(Short web captions)
-*-*-

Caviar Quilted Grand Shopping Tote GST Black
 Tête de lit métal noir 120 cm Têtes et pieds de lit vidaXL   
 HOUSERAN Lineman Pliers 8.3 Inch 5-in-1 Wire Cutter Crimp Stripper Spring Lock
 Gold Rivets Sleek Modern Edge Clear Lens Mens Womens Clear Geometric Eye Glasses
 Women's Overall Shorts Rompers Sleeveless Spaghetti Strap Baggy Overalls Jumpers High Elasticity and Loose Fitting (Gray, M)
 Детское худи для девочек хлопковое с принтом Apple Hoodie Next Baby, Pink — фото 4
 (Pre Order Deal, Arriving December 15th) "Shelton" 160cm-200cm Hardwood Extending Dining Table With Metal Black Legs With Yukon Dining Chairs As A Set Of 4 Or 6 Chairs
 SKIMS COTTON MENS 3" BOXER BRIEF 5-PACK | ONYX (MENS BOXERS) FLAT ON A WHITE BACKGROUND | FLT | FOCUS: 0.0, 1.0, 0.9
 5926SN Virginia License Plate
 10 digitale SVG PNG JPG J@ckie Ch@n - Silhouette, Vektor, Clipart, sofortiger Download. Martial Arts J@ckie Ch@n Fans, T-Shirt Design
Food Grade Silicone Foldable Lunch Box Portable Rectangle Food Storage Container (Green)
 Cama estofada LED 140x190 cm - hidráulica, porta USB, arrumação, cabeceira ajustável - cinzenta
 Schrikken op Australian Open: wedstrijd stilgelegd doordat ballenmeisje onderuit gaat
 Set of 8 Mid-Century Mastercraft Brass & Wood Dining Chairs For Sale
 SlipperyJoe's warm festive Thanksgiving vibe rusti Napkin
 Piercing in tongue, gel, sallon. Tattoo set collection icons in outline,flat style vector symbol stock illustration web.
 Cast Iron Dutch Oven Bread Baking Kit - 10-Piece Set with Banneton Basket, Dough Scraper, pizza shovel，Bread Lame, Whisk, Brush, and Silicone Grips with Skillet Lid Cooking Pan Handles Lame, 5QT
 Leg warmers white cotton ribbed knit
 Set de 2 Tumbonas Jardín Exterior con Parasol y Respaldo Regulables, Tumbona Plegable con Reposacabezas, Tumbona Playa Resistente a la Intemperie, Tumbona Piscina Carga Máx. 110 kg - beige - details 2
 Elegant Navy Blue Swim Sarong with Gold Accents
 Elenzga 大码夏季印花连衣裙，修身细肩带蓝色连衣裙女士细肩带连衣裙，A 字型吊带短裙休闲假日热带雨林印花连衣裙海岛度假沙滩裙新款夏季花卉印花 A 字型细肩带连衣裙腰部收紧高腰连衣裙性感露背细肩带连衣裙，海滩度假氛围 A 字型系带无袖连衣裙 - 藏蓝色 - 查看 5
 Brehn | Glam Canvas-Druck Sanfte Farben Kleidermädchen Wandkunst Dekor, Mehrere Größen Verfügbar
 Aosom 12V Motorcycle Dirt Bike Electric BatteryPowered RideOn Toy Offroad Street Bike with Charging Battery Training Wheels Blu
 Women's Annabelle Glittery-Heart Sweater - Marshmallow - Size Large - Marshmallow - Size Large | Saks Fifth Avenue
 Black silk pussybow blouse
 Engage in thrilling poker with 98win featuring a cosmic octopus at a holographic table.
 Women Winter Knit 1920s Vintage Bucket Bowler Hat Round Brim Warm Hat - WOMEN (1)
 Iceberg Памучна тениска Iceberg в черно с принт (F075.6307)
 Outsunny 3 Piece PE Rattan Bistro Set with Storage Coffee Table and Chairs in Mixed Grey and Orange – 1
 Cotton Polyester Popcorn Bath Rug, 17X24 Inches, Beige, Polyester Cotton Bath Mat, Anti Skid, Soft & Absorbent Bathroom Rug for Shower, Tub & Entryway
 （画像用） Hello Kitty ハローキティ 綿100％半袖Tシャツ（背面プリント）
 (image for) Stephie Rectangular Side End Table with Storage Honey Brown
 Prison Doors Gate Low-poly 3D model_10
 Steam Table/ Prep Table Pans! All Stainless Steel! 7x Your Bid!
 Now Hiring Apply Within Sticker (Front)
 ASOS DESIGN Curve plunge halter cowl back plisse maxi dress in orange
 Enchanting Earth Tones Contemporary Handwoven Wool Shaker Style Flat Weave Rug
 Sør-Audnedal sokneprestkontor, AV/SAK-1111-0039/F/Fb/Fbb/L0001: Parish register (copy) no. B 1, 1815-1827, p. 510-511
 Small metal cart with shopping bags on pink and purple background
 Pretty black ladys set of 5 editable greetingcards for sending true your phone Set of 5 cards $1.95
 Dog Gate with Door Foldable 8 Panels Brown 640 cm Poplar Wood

-*-*-

## TASK DIRECTIONS
Start to finish, copy the records above with no differences.

## ANSWER SECTION
Caviar Quilted Grand Shopping Tote GST Black
 Tête de lit métal noir 120 cm Têtes et pieds de lit vidaXL   
 HOUSERAN Lineman Pliers 8.3 Inch 5-in-1 Wire Cutter Crimp Stripper Spring Lock
 Gold Rivets Sleek Modern Edge Clear Lens Mens Womens Clear Geometric Eye Glasses
 Women's Overall Shorts Rompers Sleeveless Spaghetti Strap Baggy Overalls Jumpers High Elasticity and Loose Fitting (Gray, M)
 Детское худи для девочек хлопковое с принтом Apple Hoodie Next Baby, Pink — фото 4
 (Pre Order Deal, Arriving December 15th) "Shelton" 160cm-200cm Hardwood Extending Dining Table With Metal Black Legs With Yukon Dining Chairs As A Set Of 4 Or 6 Chairs
 SKIMS COTTON MENS 3" BOXER BRIEF 5-PACK | ONYX (MENS BOXERS) FLAT ON A WHITE BACKGROUND | FLT | FOCUS: 0.0, 1.0, 0.9
 5926SN Virginia License Plate
 10 digitale SVG PNG JPG J@ckie Ch@n - Silhouette, Vektor, Clipart, sofortiger Download. Martial Arts J@ckie Ch@n Fans, T-Shirt Design
Food Grade Silicone Foldable Lunch Box Portable Rectangle Food Storage Container (Green)
 Cama estofada LED 140x190 cm - hidráulica, porta USB, arrumação, cabeceira ajustável - cinzenta
 Schrikken op Australian Open: wedstrijd stilgelegd doordat ballenmeisje onderuit gaat
 Set of 8 Mid-Century Mastercraft Brass & Wood Dining Chairs For Sale
 SlipperyJoe's warm festive Thanksgiving vibe rusti Napkin
 Piercing in tongue, gel, sallon. Tattoo set collection icons in outline,flat style vector symbol stock illustration web.
 Cast Iron Dutch Oven Bread Baking Kit - 10-Piece Set with Banneton Basket, Dough Scraper, pizza shovel，Bread Lame, Whisk, Brush, and Silicone Grips with Skillet Lid Cooking Pan Handles Lame, 5QT
 Leg warmers white cotton ribbed knit
 Set de 2 Tumbonas Jardín Exterior con Parasol y Respaldo Regulables, Tumbona Plegable con Reposacabezas, Tumbona Playa Resistente a la Intemperie, Tumbona Piscina Carga Máx. 110 kg - beige - details 2
 Elegant Navy Blue Swim Sarong with Gold Accents
 Elenzga 大码夏季印花连衣裙，修身细肩带蓝色连衣裙女士细肩带连衣裙，A 字型吊带短裙休闲假日热带雨林印花连衣裙海岛度假沙滩裙新款夏季花卉印花 A 字型细肩带连衣裙腰部收紧高腰连衣裙性感露背细肩带连衣裙，海滩度假氛围 A 字型系带无袖连衣裙 - 藏蓝色 - 查看 5
 Brehn | Glam Canvas-Druck Sanfte Farben Kleidermädchen Wandkunst Dekor, Mehrere Größen Verfügbar
 Aosom 12V Motorcycle Dirt Bike Electric BatteryPowered RideOn Toy Offroad Street Bike with Charging Battery Training Wheels Blu
 Women's Annabelle Glittery-Heart Sweater - Marshmallow - Size Large - Marshmallow - Size Large | Saks Fifth Avenue
 Black silk pussybow blouse
 Engage in thrilling poker with 98win featuring a cosmic octopus at a holographic table.
 Women Winter Knit 1920s Vintage Bucket Bowler Hat Round Brim Warm Hat - WOMEN (1)
 Iceberg Памучна тениска Iceberg в черно с принт (F075.6307)
 Outsunny 3 Piece PE Rattan Bistro Set with Storage Coffee Table and Chairs in Mixed Grey and Orange – 1
 Cotton Polyester Popcorn Bath Rug, 17X24 Inches, Beige, Polyester Cotton Bath Mat, Anti Skid, Soft & Absorbent Bathroom Rug for Shower, Tub & Entryway
 （画像用） Hello Kitty ハローキティ 綿100％半袖Tシャツ（背面プリント）
 (image for) Stephie Rectangular Side End Table with Storage Honey Brown
 Prison Doors Gate Low-poly 3D model_10
 Steam Table/ Prep Table Pans! All Stainless Steel! 7x Your Bid!
 Now Hiring Apply Within Sticker (Front)
 ASOS DESIGN Curve plunge halter cowl back plisse maxi dress in orange
 Enchanting Earth Tones Contemporary Handwoven Wool Shaker Style Flat Weave Rug
 Sør-Audnedal sokneprestkontor, AV/SAK-1111-0039/F/Fb/Fbb/L0001: Parish register (copy) no. B 1, 1815-1827, p. 510-511
 Small metal cart with shopping bags on pink and purple background
 Pretty black ladys set of 5 editable greetingcards for sending true your phone Set of 5 cards $1.95
 Dog Gate with Door Foldable 8 Panels Brown 640 cm Poplar Wood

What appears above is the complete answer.